What you will do:
Each line from the start of the records through the line containing "Deli 92614 Small" is to be transcribed exactly, and no other line is to be included.

Records:
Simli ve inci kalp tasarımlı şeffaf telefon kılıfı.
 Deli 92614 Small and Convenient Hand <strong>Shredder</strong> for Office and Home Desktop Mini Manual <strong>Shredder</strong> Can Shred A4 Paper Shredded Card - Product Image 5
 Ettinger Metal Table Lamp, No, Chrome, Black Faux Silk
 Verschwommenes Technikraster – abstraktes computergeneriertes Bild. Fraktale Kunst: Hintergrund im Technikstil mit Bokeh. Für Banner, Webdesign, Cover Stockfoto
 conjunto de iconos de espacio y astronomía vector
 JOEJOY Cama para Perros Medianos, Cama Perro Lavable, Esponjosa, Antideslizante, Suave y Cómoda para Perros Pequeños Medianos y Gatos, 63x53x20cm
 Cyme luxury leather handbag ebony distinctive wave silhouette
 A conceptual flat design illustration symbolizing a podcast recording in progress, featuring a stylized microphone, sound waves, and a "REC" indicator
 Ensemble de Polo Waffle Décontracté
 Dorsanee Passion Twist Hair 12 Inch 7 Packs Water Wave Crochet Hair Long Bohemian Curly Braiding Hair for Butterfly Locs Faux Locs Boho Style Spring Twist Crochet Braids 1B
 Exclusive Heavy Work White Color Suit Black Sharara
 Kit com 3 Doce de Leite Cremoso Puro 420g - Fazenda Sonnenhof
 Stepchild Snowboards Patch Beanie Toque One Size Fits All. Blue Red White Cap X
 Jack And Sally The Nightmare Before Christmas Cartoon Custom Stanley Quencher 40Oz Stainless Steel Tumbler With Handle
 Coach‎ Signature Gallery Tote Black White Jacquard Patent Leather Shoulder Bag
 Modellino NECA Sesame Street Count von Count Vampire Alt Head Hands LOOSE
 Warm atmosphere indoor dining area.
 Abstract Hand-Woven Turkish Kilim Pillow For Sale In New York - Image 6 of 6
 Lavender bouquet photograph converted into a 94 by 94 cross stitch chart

Answer space:
Simli ve inci kalp tasarımlı şeffaf telefon kılıfı.
 Deli 92614 Small and Convenient Hand <strong>Shredder</strong> for Office and Home Desktop Mini Manual <strong>Shredder</strong> Can Shred A4 Paper Shredded Card - Product Image 5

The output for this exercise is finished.